とはいえ、そろそろ「どこいくの~?」の無駄な足掻きのような連呼はやめときますか、どうしても連れてくみたいだし。
「オジサマってどんな獣~?」
どんな人~?って聞けないのが難点だな。
それは置いといて、今から初めて会う方なら一体どんな獣なのか聞いておきたいじゃん?
怖くありませんように~!
「そうね・・・おっきいわ。」
「おっきいの・・・?」
どのくらいなの?
「あと、あたしの受けた人間の武器の傷跡が何カ所付いてるわ」
え?何それ?銃弾に耐えたの?そんな動物日本にいたっけ?
もしかして超巨大狼か?モロか?あれ山犬だけど。
「怖いんですけど・・・」
「ん~、あたしを育てくれた時は優しかったけど?」
それはつまり親バカの可能性があるわけですね。わかります。
「今年で35才の年長だし、シロウの知りたい情報があるかもよ」
こう言われちまったら言い返せないじゃないか。
僕は未だに人間に戻ることを諦めてはいない。人間の時、特別に裕福とか未練があった訳じゃないけど・・・やっぱり故郷は故郷なのだ。
僕はとりあえずここが日本のどこだかが知りたい。
勿論、アサちゃんは僕が元人間であるそんな事実は知らない。
言ったところで信じて貰えないし、信じて貰ったら抹殺されそうだ。
アサちゃん人間何故か敵視してるもんなぁ僕がリュック持ってた時も『人間の道具』を恨めしそうに睨みつけてたし
「そう言えば、あのカラスは今日来てないね?」
ちょいシリアスに考えていたら珍しくアサちゃんから話題を振ってきてくれた。
心なしか、心配そうに僕を振り向きながらこっちを見てくる。暗い顔してたかな?
犬顔では表情乏しいと思うけど、動物の表情は動物にしかわからないのかもしれない。
「あ~、あの喧し鴉?なんか用事あるとか言って今日はオフだって。」
ひと、一匹では心細かったので、カラス達に声をかけた。面白がって付いてくると思ったら断られた。
『今日はちょっと野暮用でな』
『二匹で行ってらっしゃい!良い!?二匹でいくのっ!!』
『GOgogo!!』
あいつらに用事なんてあんのか?奴らほど自由動物はいないと思うけど・・・てか最後の奴。いつの間に英語覚えてたのか。カラスの頭もバカに出来ないな。
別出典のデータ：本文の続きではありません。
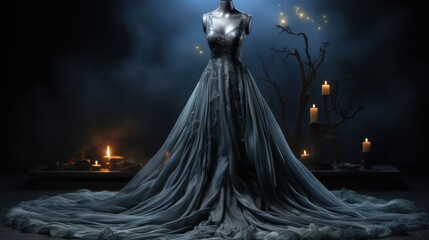 Ghostly gown on a mannequin.UHD wallpaper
アサちゃんは未だに僕の「オフ」を「お、おふ・・・?」とか言って理解しないけどね。
「そう・・・やっと二匹。(ボソッ)」
「なんか言った?」
「うんん!何でもない!!」
アサちゃんは笑顔のまま冷や汗(出てないけど、見える)をかいて焦った様子をする
おいおい。ちゃんと聞こえてるからね?やっと二匹って何?僕を暗殺でもするの?
常に警戒態勢でいこう・・・
と、思ってたけど急にアサちゃんが立ち止まった。どうやら到着したらしい
目の前には洞窟っていうか、洞穴があった。
もの凄くデカい。これからこの巣の・・・いや、森の主に会いにいくのか
あ~、胃がキリキリするぅ
「さっ入りましょ」
そう言ってアサちゃんは躊躇いもなく洞穴に突入する。そこに僕は金魚の糞のように付いていくしかなかった。
壁や地面を見ると自然にできた穴じゃない事が分かる。
何者かによって掘られて出来たものだと思う。
高さ4メートルにはなろうその洞穴に抱いた僕の感想はそれだった。
デカい。兎に角デカい。
こりゃアサちゃんの言った「おっきい」も強ち出鱈目って訳じゃないみたいだ。
デタラメだと願ってた僕!ドンマイ!!
はぁ。
洞穴に入って数歩進むとアサちゃんが、また止まる。僕もそれに釣れてお座りする、何故か。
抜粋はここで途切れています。